Saturday, September 3, 2011

Stages of Deployment

I should have guessed earlier, but there’s apparently seven emotional stages a spouse goes through with a deployment. Yeah. They’ve done studies.

Stage One: Anticipation of Departure

Stage Two: Detachment and Withdrawal

Stage Three: Emotional Disorganization

Stage Four: Recovery and Stabilization

Stage Five: Anticipation of Return

Stage Six: Return Adjustment and Renegotiation

Stage Seven: Reintegration and Stabilization

Interesting, huh? And while the psychiatrists may disagree, I haven’t found my deployment emotions to follow the “typical” stages… Mine went a little more like this:

Stage One: What’s an MC-12?

Stage Two: A couple all-nighters finishing the upstairs bathroom before Rob and I left for Atlanta and his training, arriving on Christmas Day. Not much time for detachment or withdrawal, just lots and lots of tile cutting.

Stage Three: Recovery and Stabilization. I know it’s supposed to be stage four in the pattern, but I was pretty fine with the whole thing.

Stage Four: Emotional Disorganization. I’m not entirely sure what this stage is meant to encompass, but I found that as the squadron we’re still technically a part of began to deploy, my emotions about the whole thing came a lot closer to the surface. I described it to Rob like this:

Me: You know how I am capable of compartmentalization? Rob: Yes. Me: Well, I’m discovering the walls of my compartments can be a little thin – you know, maybe like Japanese rice paper walls? Rob: OH YEA! Me: Oh. You didn’t have to agree SO heartily… cute.

And then, I guess I did Stage Four again with Recovery and Stabilization. I LOVE all my new friends who are newly singled and very often ready to hang out, go out, or just visit!

Then, I discovered I missed testosterone a little. And guys are WAY funnier than girls. No offense. It’s just girls are not that hilarious. I miss laughing from the gut.
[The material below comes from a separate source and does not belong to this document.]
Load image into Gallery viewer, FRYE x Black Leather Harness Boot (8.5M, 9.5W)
Now, I’m on to Stage Five: Anticipation of Return. I can totally see the light at the end of the tunnel. Not that it’s been a dark or horrific time, I’m just excited like a birthday, or a wedding, or a big graduation trip. It’s got magnitude. But, I’ve noticed I’m a little more unstable than I’ve been in any of the previous stages. I don’t say this to gain pity or to say in some sort of subtle way, “Help me.” It’s not that. It’s simply observing, almost in a scientific way – hmm, that’s interesting, I didn’t expect that.

Some of my more random unstable moments come while driving. Perhaps I’m simply not used to driving this much without Rob. I miss him in the seat next to me. I love it when he drives and I get to ride. I haven’t been in the passenger seat of my car for 9 months.
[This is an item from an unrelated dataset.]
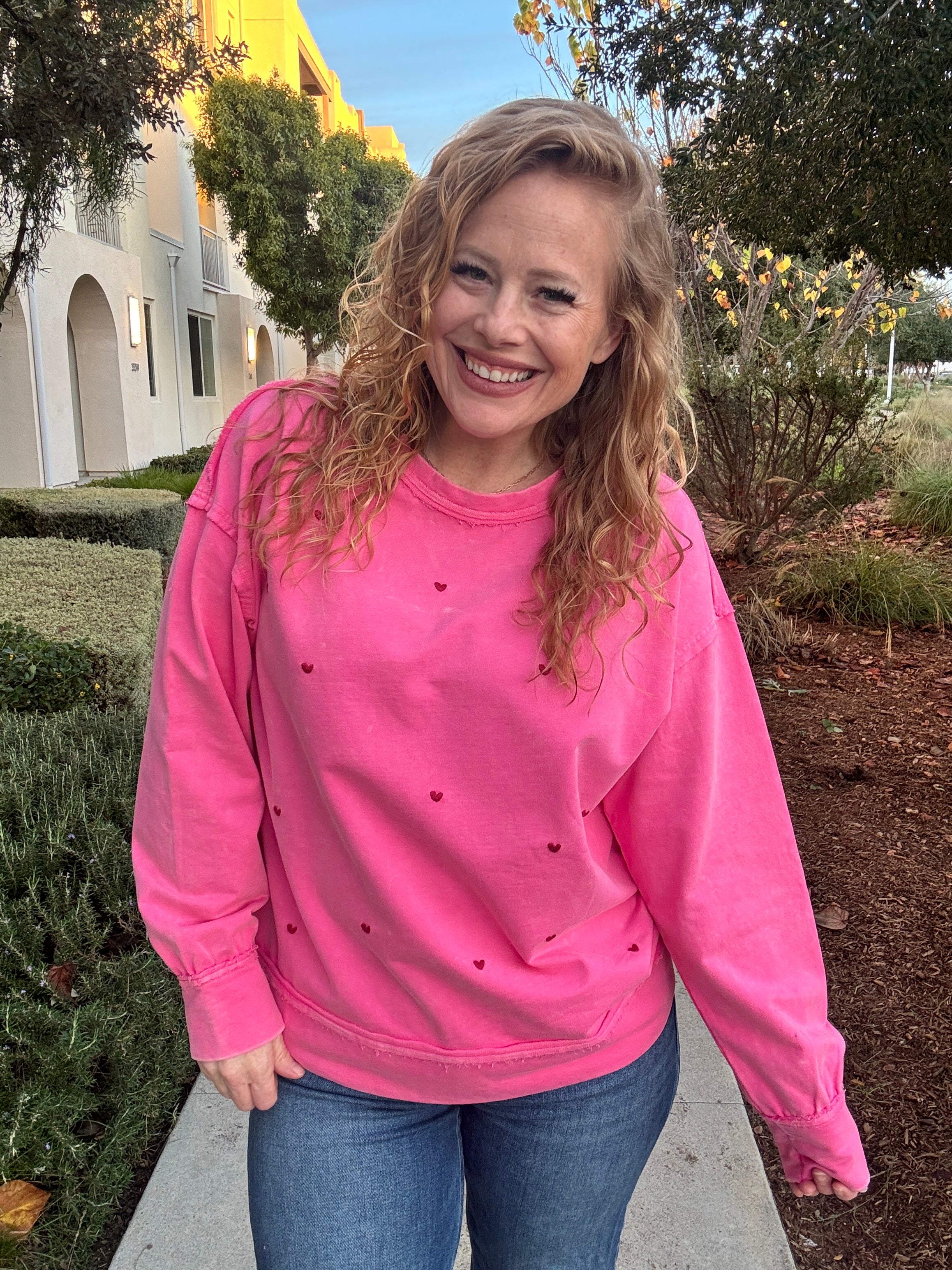 Wondering Heart Embroidered Long Sleeve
Another moment when my paper-thin compartment walls were compromised was when my very good friend had a baby and I teared up as she was describing how hard it was for her husband to watch the labor because he felt so helpless. I guess I empathize. Is that it?

I can nail this one down a lot easier: You know the pie that I love. The pie that merited its own ode and entry in the blog. The pie that gives me comfort each week throughout this deployment. Well, I’ve been without pie now for over two weeks. She wasn’t there last week and I missed her this week. I learned this because I called the store in Pierre and she said there was a rush this morning and they ran out early. I’ve been tearing up all day when I think about how I don’t have pie.
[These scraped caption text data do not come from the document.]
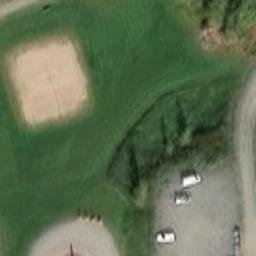 Sand Volleyball Court — aerial view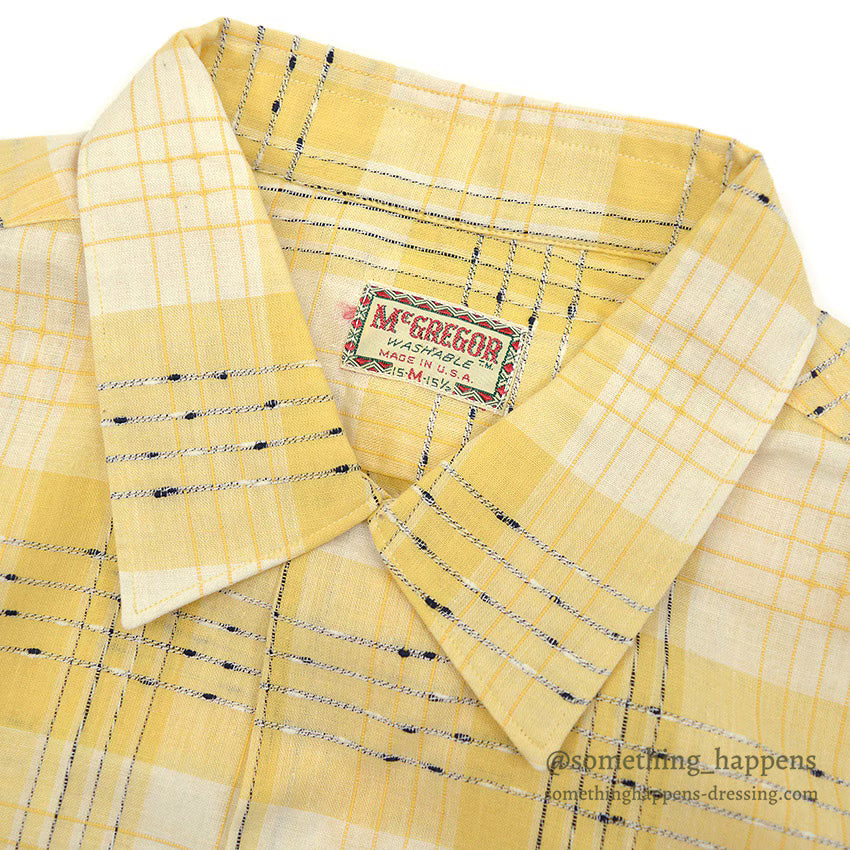 1950's DEADSTOCK McGREGOR ALL COTTON S/S SHIRT...M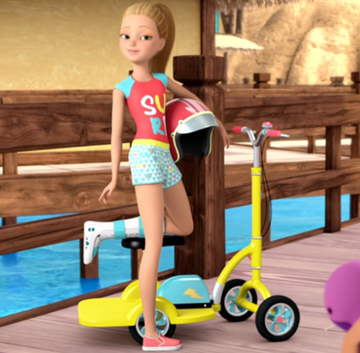 Barbie stacie doll & scooter shop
I think this one’s a little more obvious – pie = comfort. duh. Then, the very sweet yet sometimes a little “I told you so” Holy Spirit reminded me that my comfort should lie in God. Me, ever a little bit petulant, said I still would like some pie, but thanks for the reminder. If I have to live without pie for two weeks to be reminded that the Holy Spirit is my comforter, that’s okay. … But I have ordered three pies for next week.

Anyway, I’m looking forward to the next two stages of deployment emotions – the ones that occur when he comes back!! YAY!!!! Really, there’s not enough explanation points to convey the excitement (and apparently a little bit of instability… ) that comes with this stage.

1 comments:

marigirl said...

I think returning from deployment starts off AMAZING, then degrades to unexpected frustration, then exceeds the initial awesomeness as you realize HE'S REALLY BACK!! Although annoyingly our squadron sometimes redeploys them around the three week point, right as things are showing signs of normalizing, but whatever. My friend called me after her first homecoming and after we chatted a bit she said hesitantly, "He's only been home three weeks...is it normal that he's driving me nuts already?" I was like, "fret not, that's as bad as it gets." and a week later everything was headed toward normal. yaaaaaaaaaay, I have never in my life been so appreciative of NORMAL!!! We've been back together for 2.5 months now and just brushing our teeth at the same time occasionally gets me thinking, "Hey! Chris is STILL HERE! Yay!" How novel!

SO happy your separation is coming to an end!!!!!!!